→ PROBLEM TO WORK ON: Verbatim copy without images: return all of the data as it stands.

→ INPUT DATA:
----

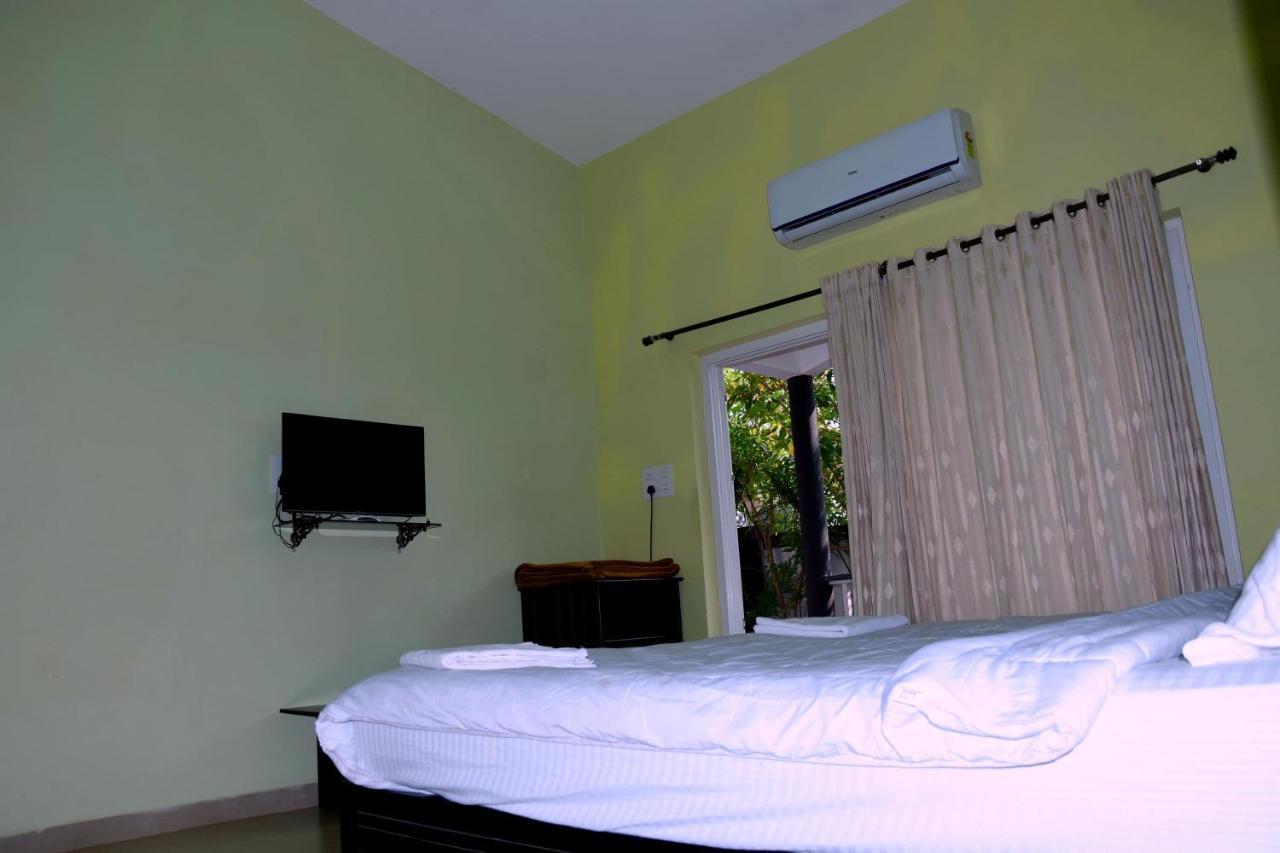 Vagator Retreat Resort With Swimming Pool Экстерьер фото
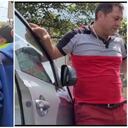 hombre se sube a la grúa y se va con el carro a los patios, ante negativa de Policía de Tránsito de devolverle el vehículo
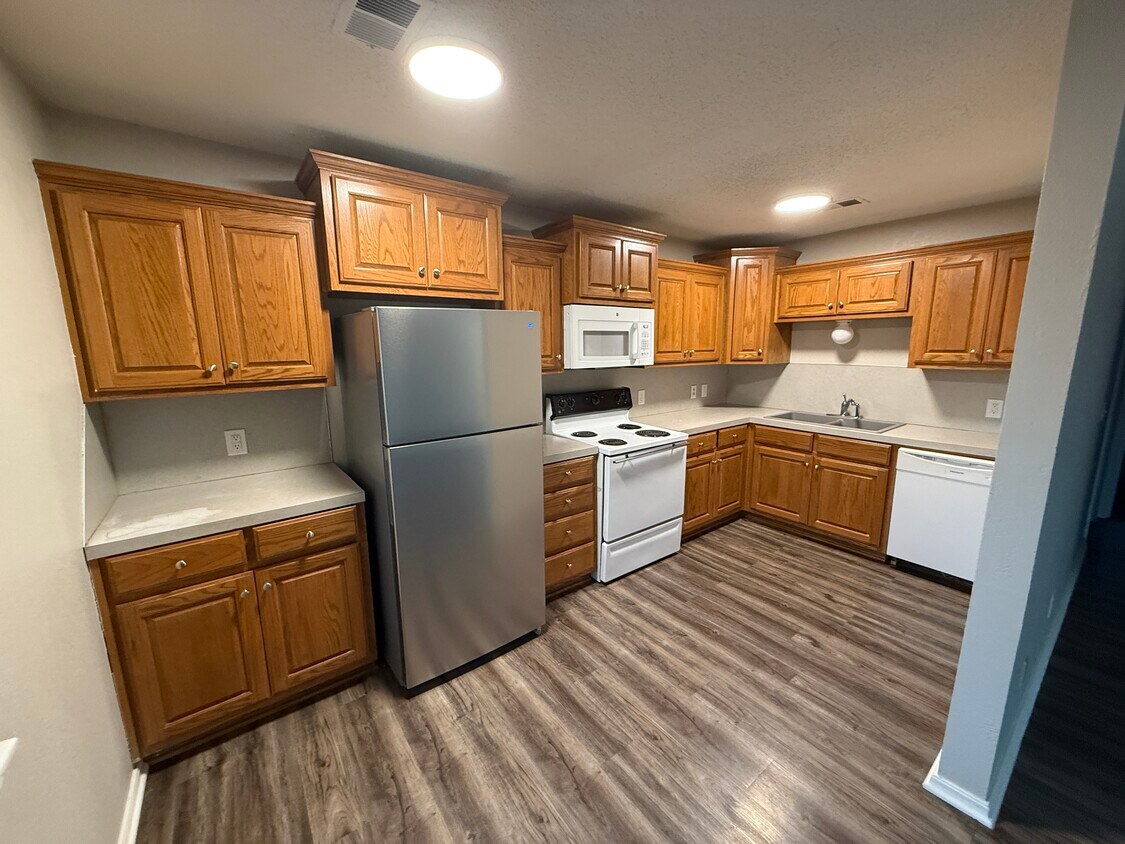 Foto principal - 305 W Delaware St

----

→ RESPONSE:
 Vagator Retreat Resort With Swimming Pool Экстерьер фото
 hombre se sube a la grúa y se va con el carro a los patios, ante negativa de Policía de Tránsito de devolverle el vehículo
 Foto principal - 305 W Delaware St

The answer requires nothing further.